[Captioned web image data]
□ □ □ □ □
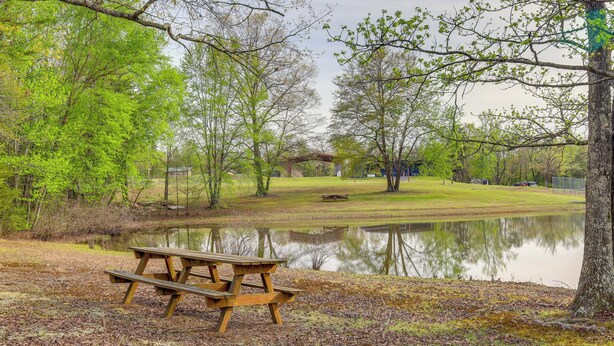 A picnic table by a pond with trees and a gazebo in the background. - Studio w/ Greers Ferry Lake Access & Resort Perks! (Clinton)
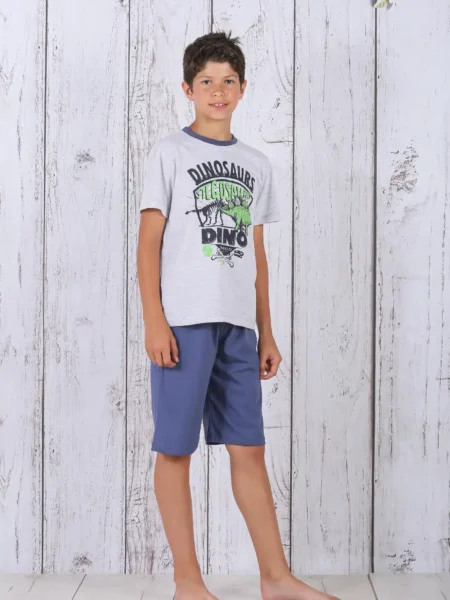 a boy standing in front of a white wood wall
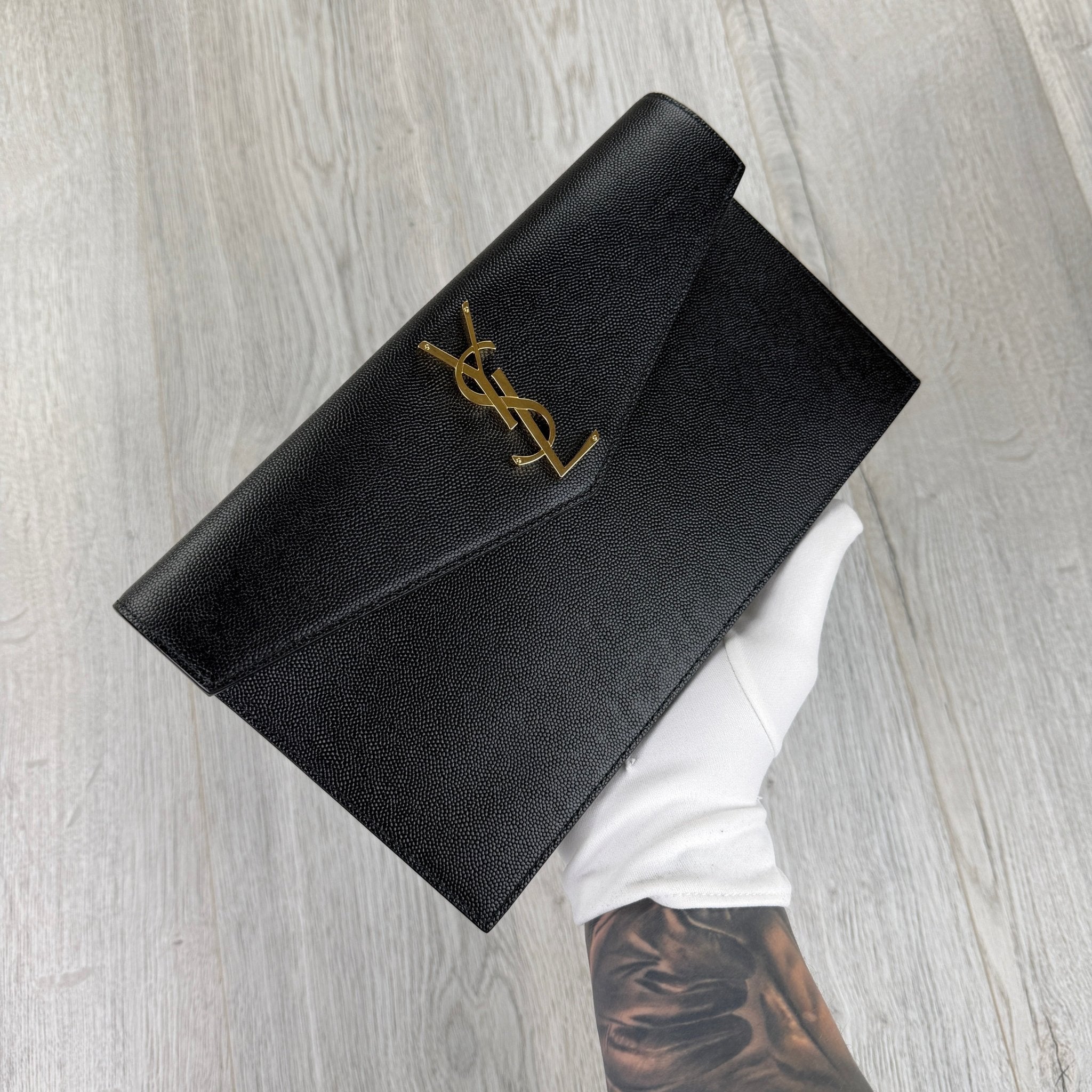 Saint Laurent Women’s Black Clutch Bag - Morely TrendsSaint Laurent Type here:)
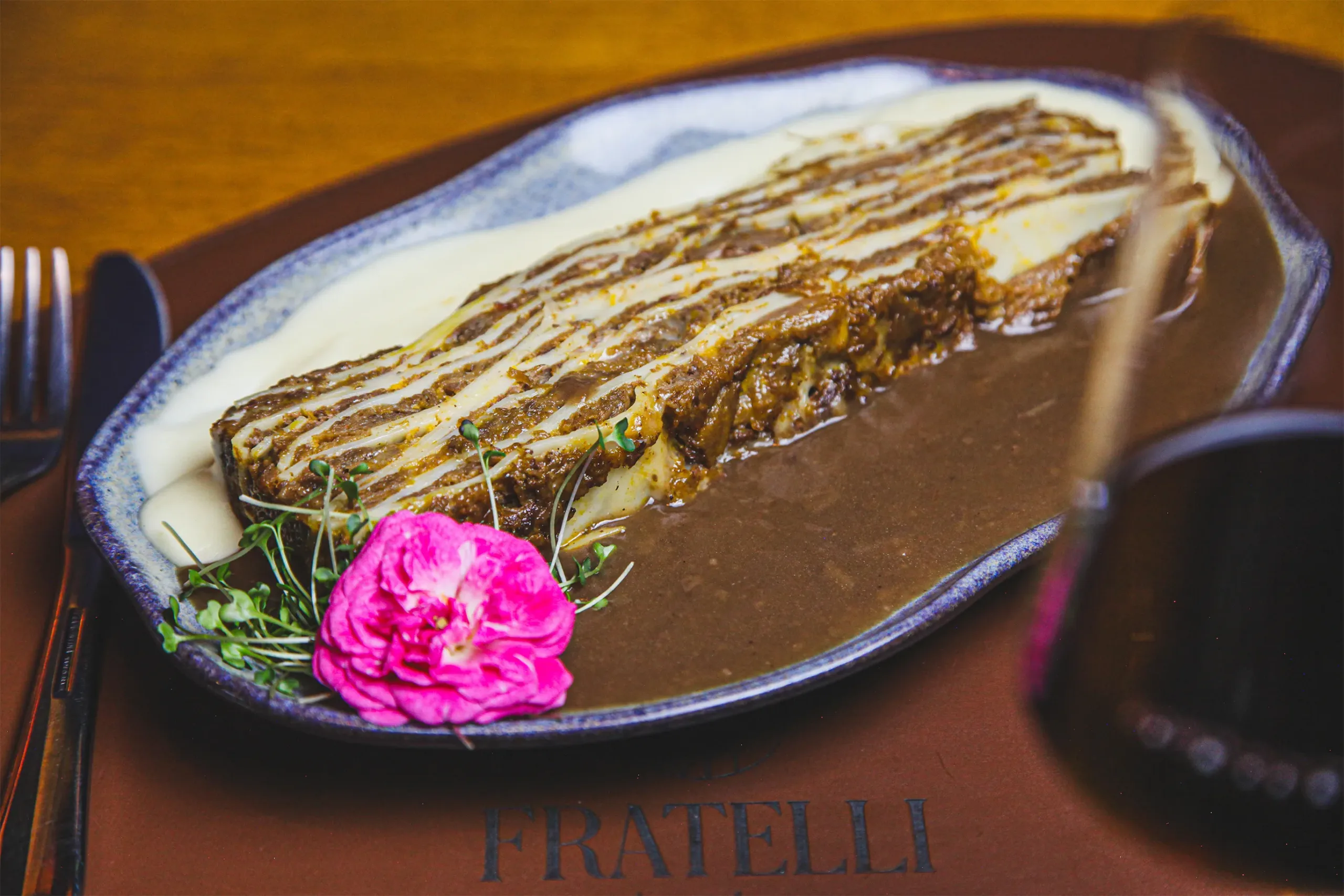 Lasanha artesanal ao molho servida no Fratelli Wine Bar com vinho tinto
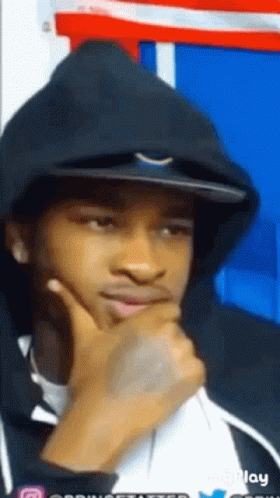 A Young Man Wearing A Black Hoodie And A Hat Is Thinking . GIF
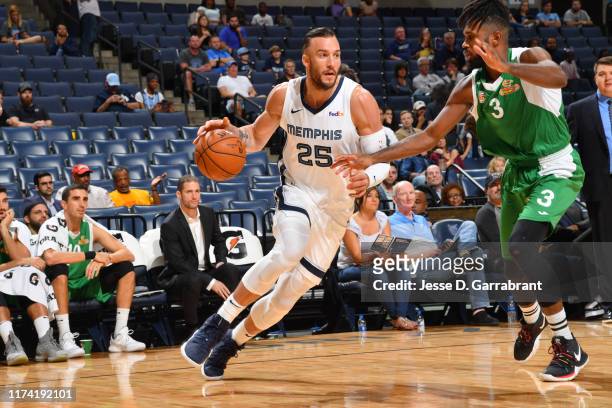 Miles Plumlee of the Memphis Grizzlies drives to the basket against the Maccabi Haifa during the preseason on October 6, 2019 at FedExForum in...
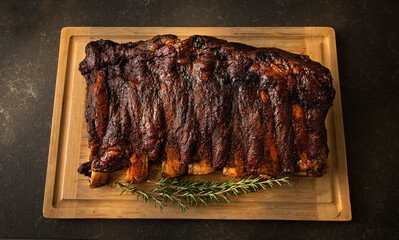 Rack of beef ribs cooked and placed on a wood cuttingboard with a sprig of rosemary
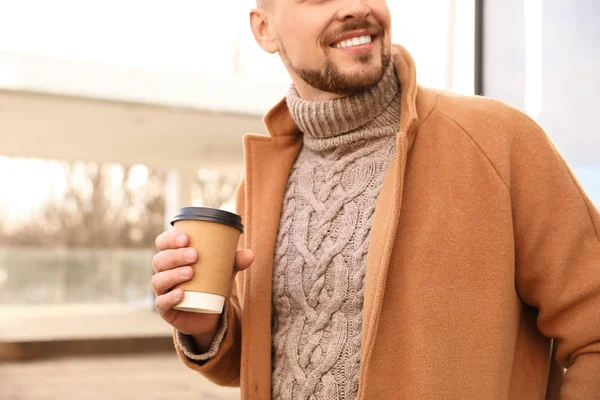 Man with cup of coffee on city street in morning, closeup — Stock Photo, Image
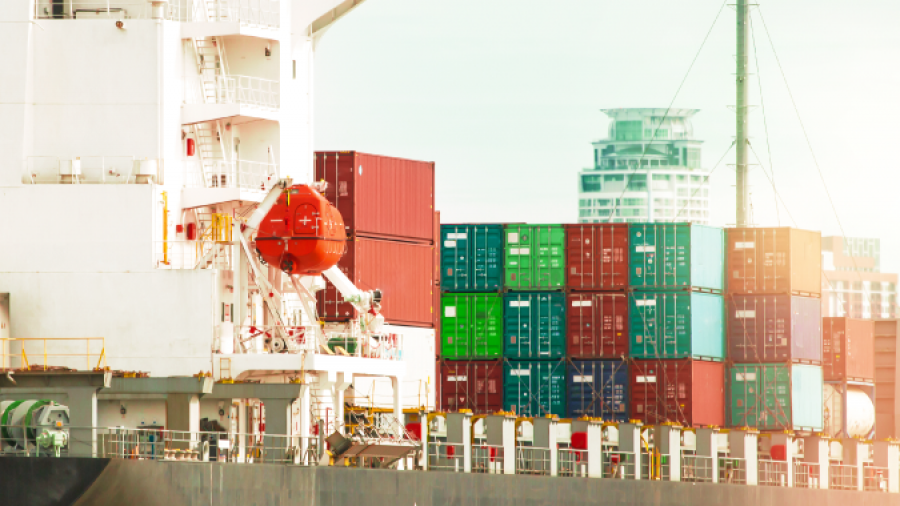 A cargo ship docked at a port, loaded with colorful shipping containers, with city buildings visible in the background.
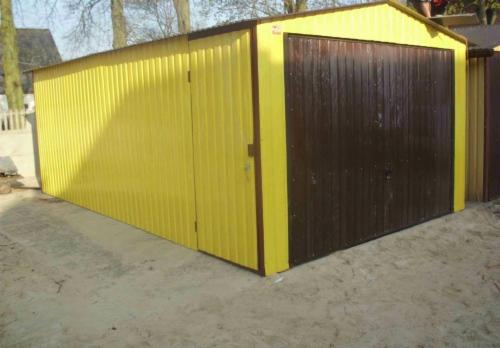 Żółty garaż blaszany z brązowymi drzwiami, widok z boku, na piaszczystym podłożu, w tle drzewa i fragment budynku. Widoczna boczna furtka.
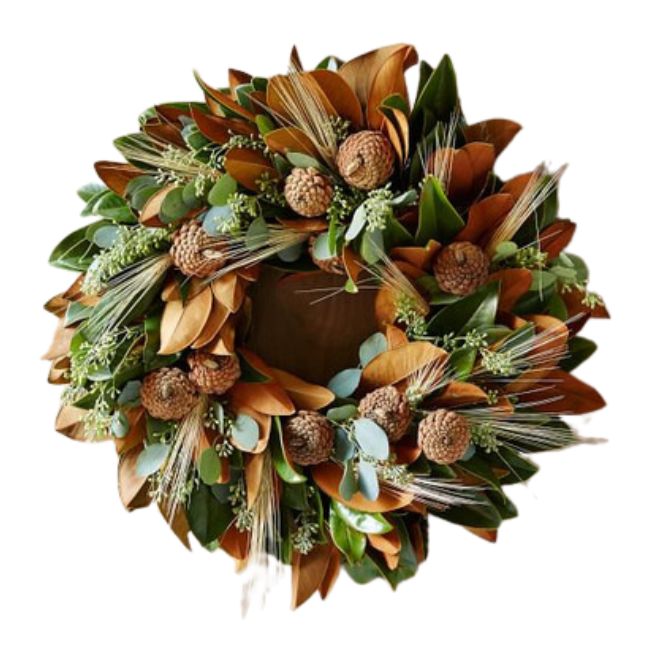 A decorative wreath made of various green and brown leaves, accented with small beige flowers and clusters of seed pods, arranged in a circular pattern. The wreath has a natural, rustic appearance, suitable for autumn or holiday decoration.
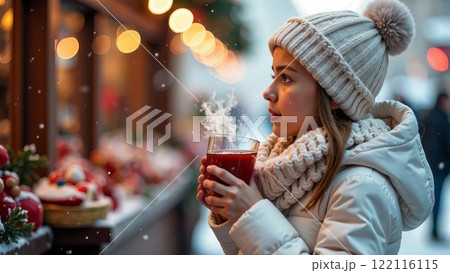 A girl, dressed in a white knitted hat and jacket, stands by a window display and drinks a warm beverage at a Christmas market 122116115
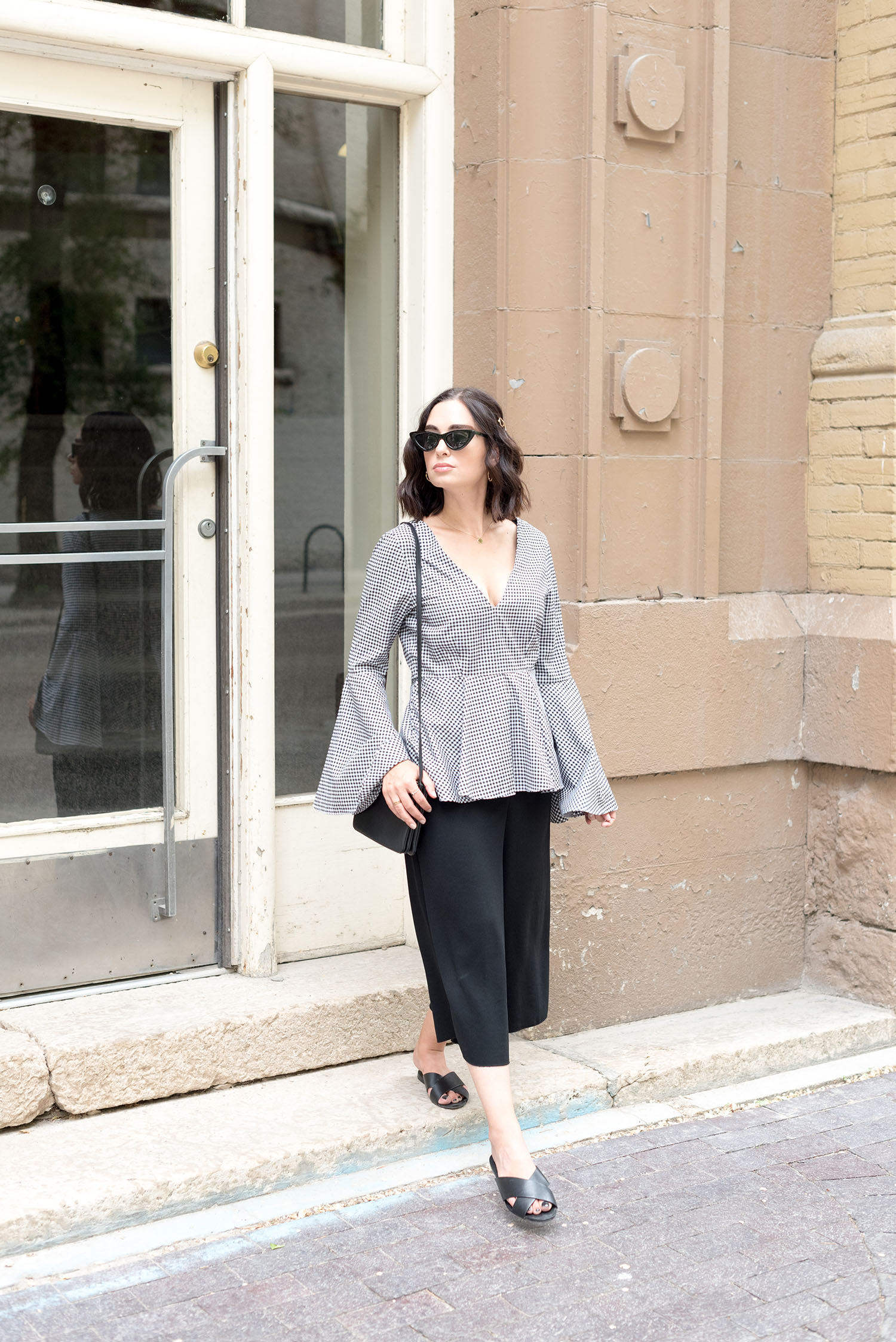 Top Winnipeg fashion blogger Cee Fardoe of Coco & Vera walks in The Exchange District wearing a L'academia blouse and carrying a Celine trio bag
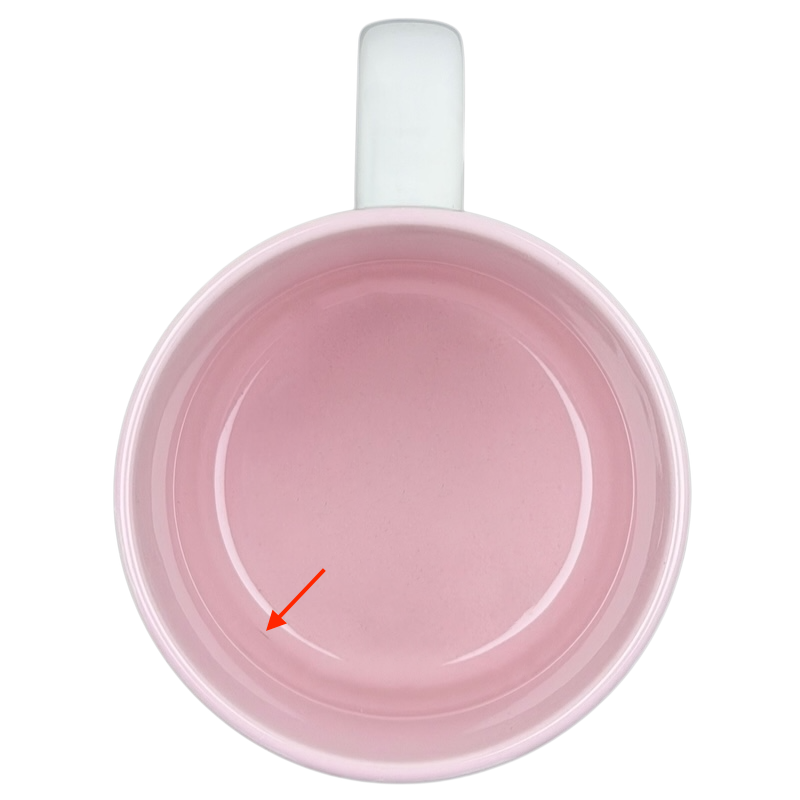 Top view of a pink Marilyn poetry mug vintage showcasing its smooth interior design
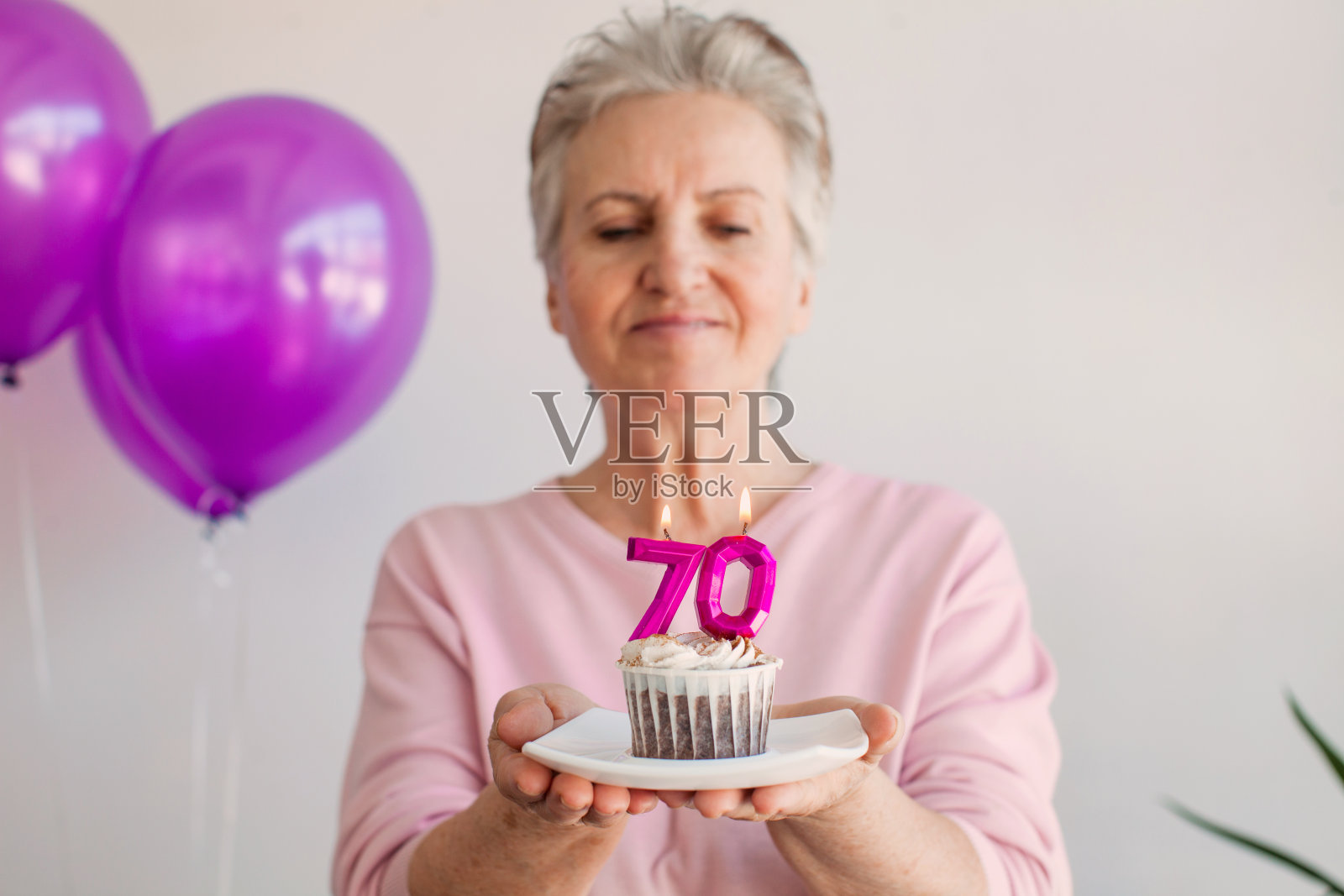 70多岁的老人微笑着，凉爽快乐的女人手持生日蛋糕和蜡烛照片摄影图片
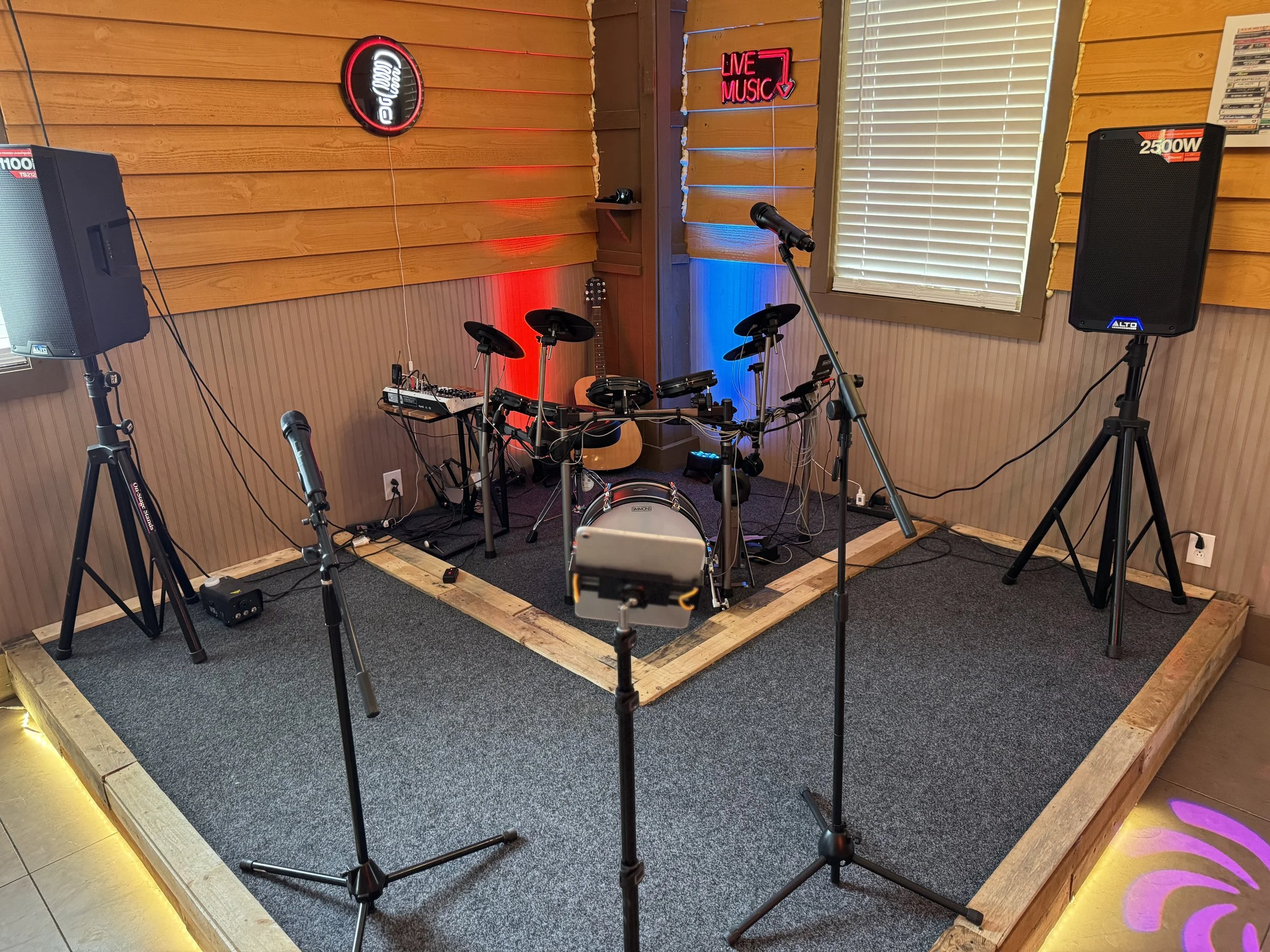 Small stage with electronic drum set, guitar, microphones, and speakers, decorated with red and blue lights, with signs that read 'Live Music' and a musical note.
□ □ □ □ □
WHAT IS REQUIRED:
Although the records hold pictures, the copy must not; give again exactly the lines from the one with "Rack of beef" through the one with "Żółty garaż blaszany".

THE ANSWER:
 Rack of beef ribs cooked and placed on a wood cuttingboard with a sprig of rosemary
 Man with cup of coffee on city street in morning, closeup — Stock Photo, Image
 A cargo ship docked at a port, loaded with colorful shipping containers, with city buildings visible in the background.
 Żółty garaż blaszany z brązowymi drzwiami, widok z boku, na piaszczystym podłożu, w tle drzewa i fragment budynku. Widoczna boczna furtka.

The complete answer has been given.